MANADO- Liputan Warta Jatim, Polemik yang melibatkan pengacara muda asal Sulawesi Utara, Acel Mewengkang, memasuki babak baru. Acel mengambil langkah tegas dengan mengundurkan diri dari jabatannya sebagai Wakil Ketua Gerindra Sulawesi Utara serta melaporkan sejumlah pihak ke kepolisian atas dugaan pencemaran nama baik. Sabtu, 13/06/2026.
Keputusan mundur dari jabatan partai tersebut diambil sebagai bentuk tanggung jawab moral untuk menjaga nama baik organisasi yang selama ini dibesarkannya.
Menurut Acel, persoalan hukum yang tengah berkembang tidak boleh menyeret atau mencampuradukkan kepentingan politik praktis.

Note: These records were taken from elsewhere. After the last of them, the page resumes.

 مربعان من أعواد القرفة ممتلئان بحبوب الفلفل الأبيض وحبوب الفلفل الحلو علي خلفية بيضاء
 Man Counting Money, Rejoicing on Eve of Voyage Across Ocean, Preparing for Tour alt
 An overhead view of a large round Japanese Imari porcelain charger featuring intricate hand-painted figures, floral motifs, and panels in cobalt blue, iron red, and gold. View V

“Saya tidak ingin politik dijadikan tameng dalam persoalan ini. Saya memilih mundur dari jabatan partai agar masyarakat melihat perkara ini secara objektif dan tidak menyeret nama baik partai,” tegas Acel.
Selain itu, langkah tersebut juga diambil demi menjaga martabat serta nama baik keluarganya yang turut terdampak akibat berbagai informasi yang beredar di ruang publik.

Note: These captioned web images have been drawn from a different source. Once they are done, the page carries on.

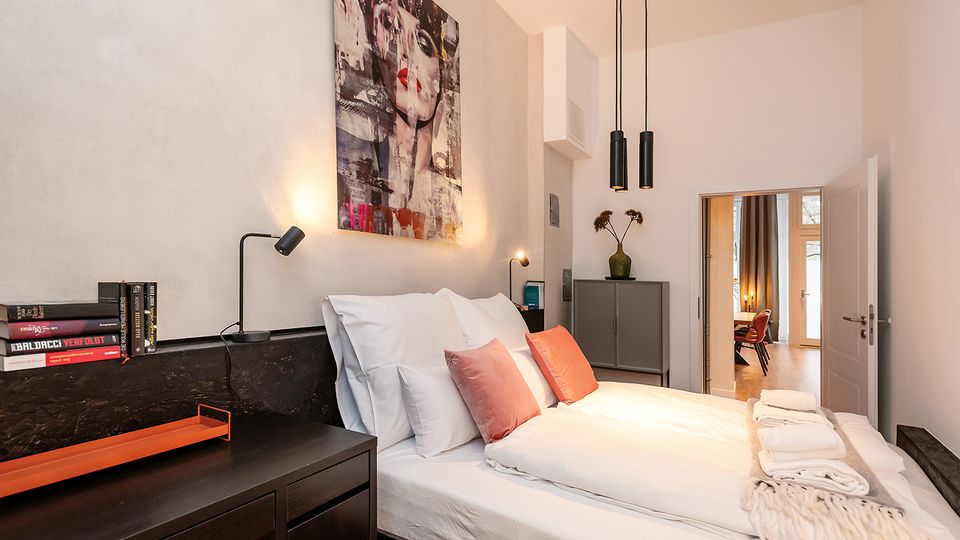 Modernes Schlafzimmer mit Doppelbett, weißen Wänden und dunklen Holzschränken; über dem Bett hängt ein großes Wandbild, daneben stehen Nachttischlampen. Zwei schwarze Pendelleuchten hängen von der Decke, und eine offene Tür führt in einen angrenzenden, hellen Raum mit Holzboden.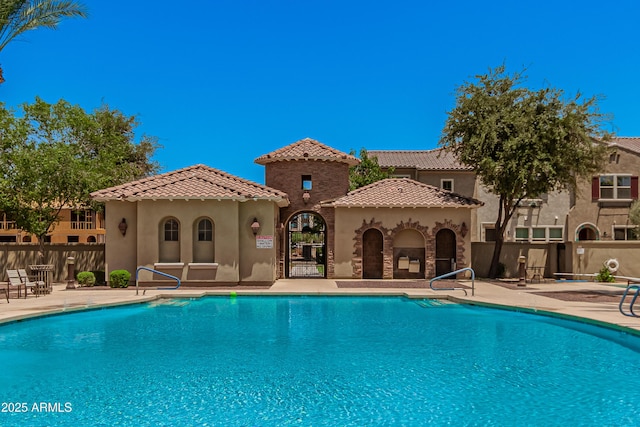 pool with fence and a patio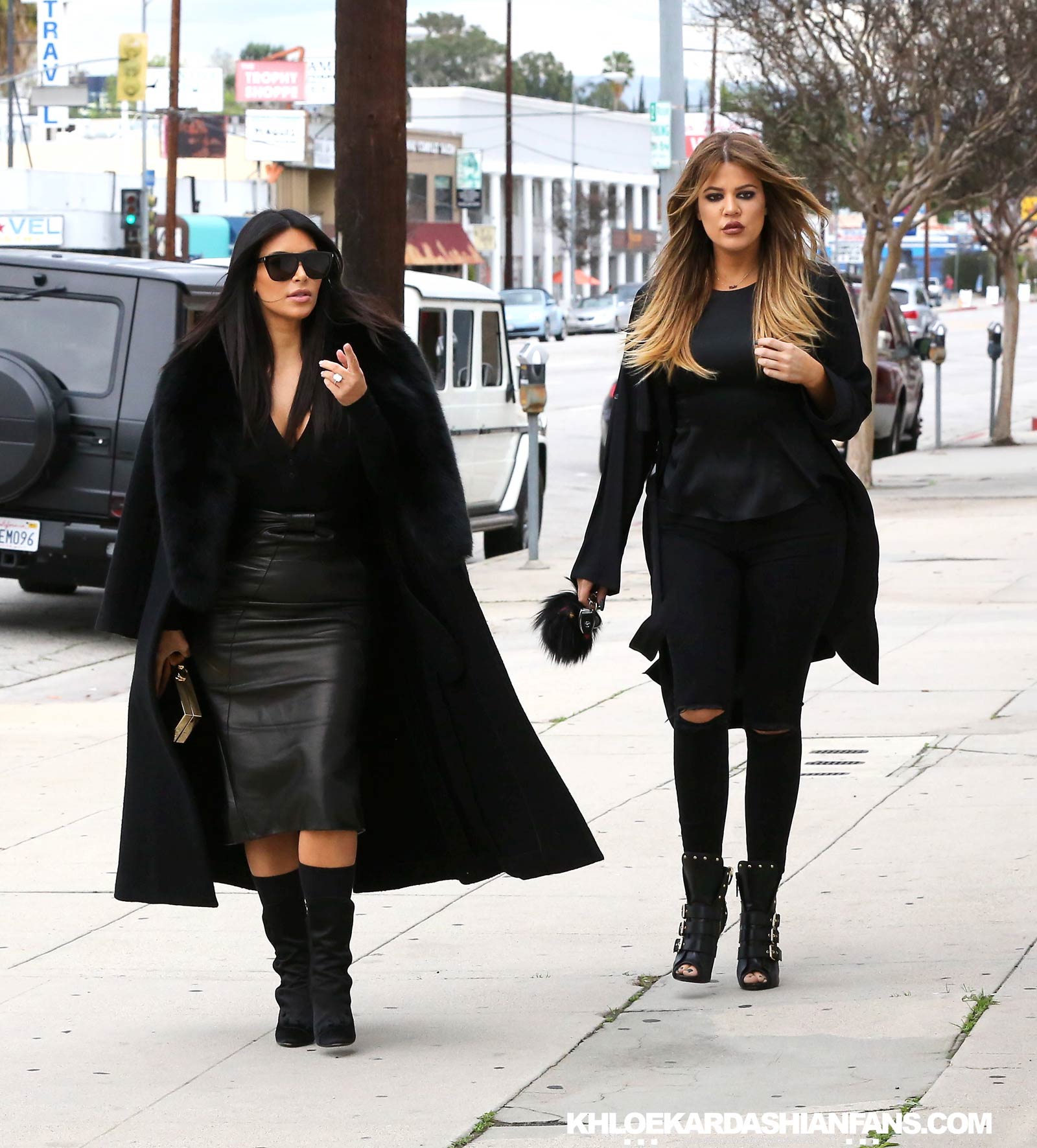 Kim & Khloe Kardashian arriving at Jenner Communications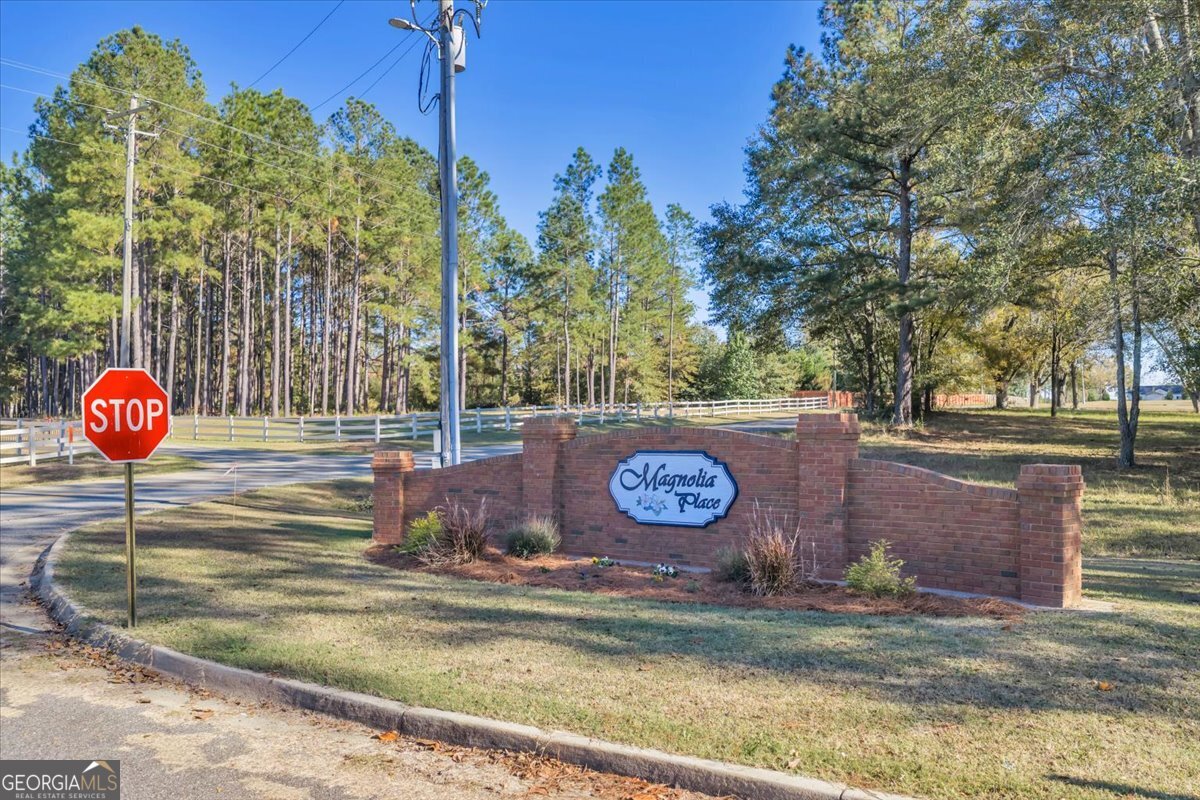 Lot 29 Sweet Magnolia Circle Dublin, GA 31021 - Photo 23 of 23 a wooden table and chairs in the patio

Pada 10 Juni 2026, Acel secara resmi melaporkan seorang perempuan berinisial TR bersama sejumlah akun media sosial ke aparat kepolisian. Laporan tersebut berkaitan dengan dugaan penyebaran informasi yang mengarah pada pencemaran nama baik melalui pemberitaan dan unggahan di media sosial yang dinilainya tidak terkonfirmasi secara utuh dari sumber yang tepat.

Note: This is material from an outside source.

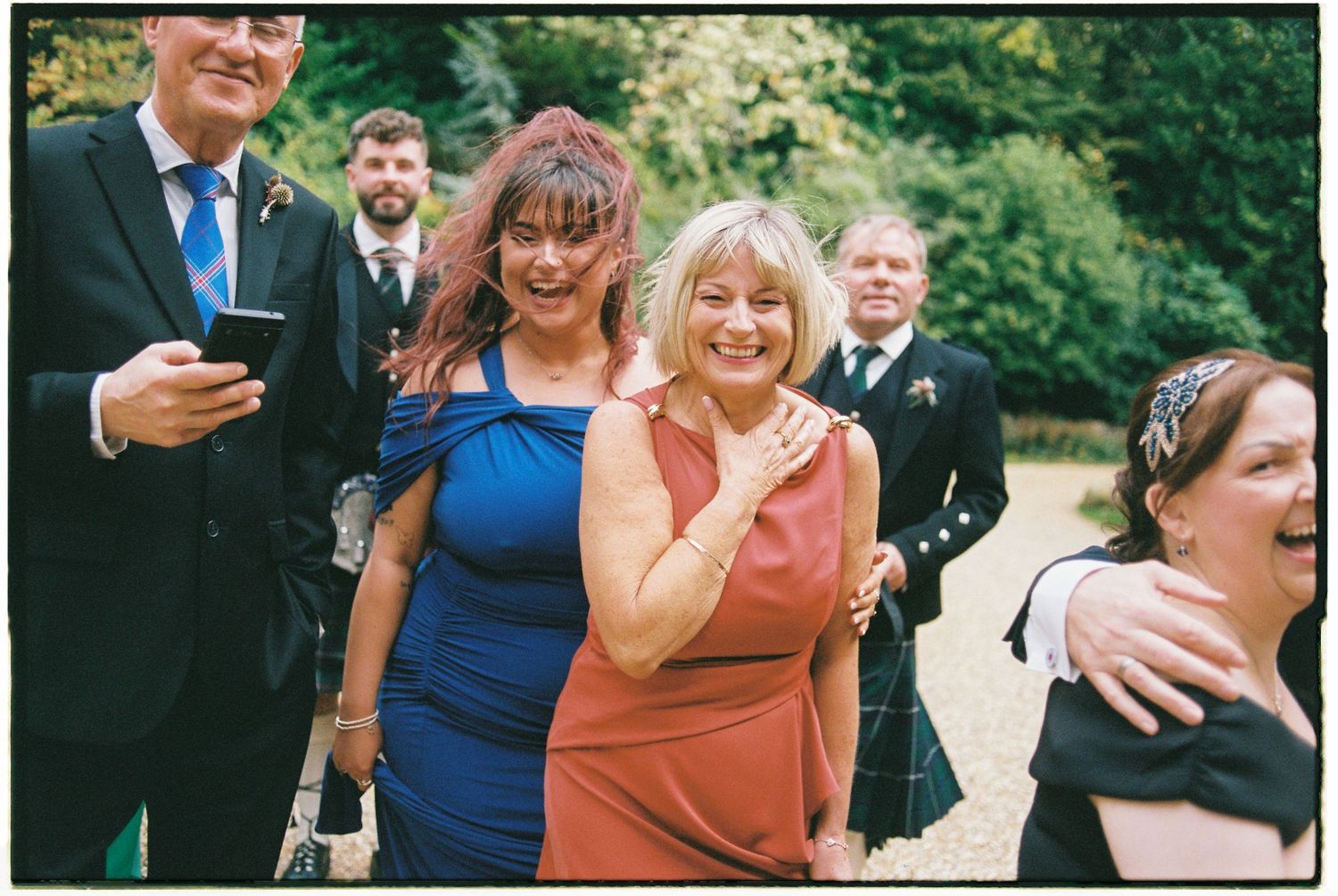A group of wedding guests in formal attire smile and laugh together during an outdoor celebration.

Acel menilai berbagai narasi yang berkembang telah mencederai reputasinya sebagai advokat serta berdampak pada kehormatan keluarganya. Karena itu, ia memilih menempuh jalur hukum agar seluruh persoalan dapat diuji berdasarkan fakta dan alat bukti yang sah.
Sebelumnya, Acel Mewengkang menjadi sorotan setelah muncul tudingan dari sejumlah pihak terkait tanggung jawab atas dana sebesar Rp1,7 miliar yang disebut-sebut digunakan untuk kegiatan usaha pertambangan.
Tuduhan tersebut kemudian berkembang luas melalui media sosial dan sejumlah portal berita.
Namun demikian, Acel menegaskan bahwa seluruh tuduhan yang dialamatkan kepadanya harus dibuktikan melalui mekanisme hukum yang berlaku, bukan melalui opini yang berkembang di ruang publik.
“Saya menyerahkan semuanya kepada proses hukum. Biarlah hukum yang berbicara dan memberikan kepastian berdasarkan fakta yang sebenarnya,” ujar Acel.
Dengan langkah hukum yang ditempuhnya, Acel berharap masyarakat dapat melihat dan menilai persoalan tersebut secara objektif, proporsional, serta menghormati asas praduga tak bersalah hingga adanya putusan yang berkekuatan hukum tetap.
“Pada akhirnya, saya percaya kebenaran akan terungkap melalui proses hukum yang adil dan transparan,” tutupnya.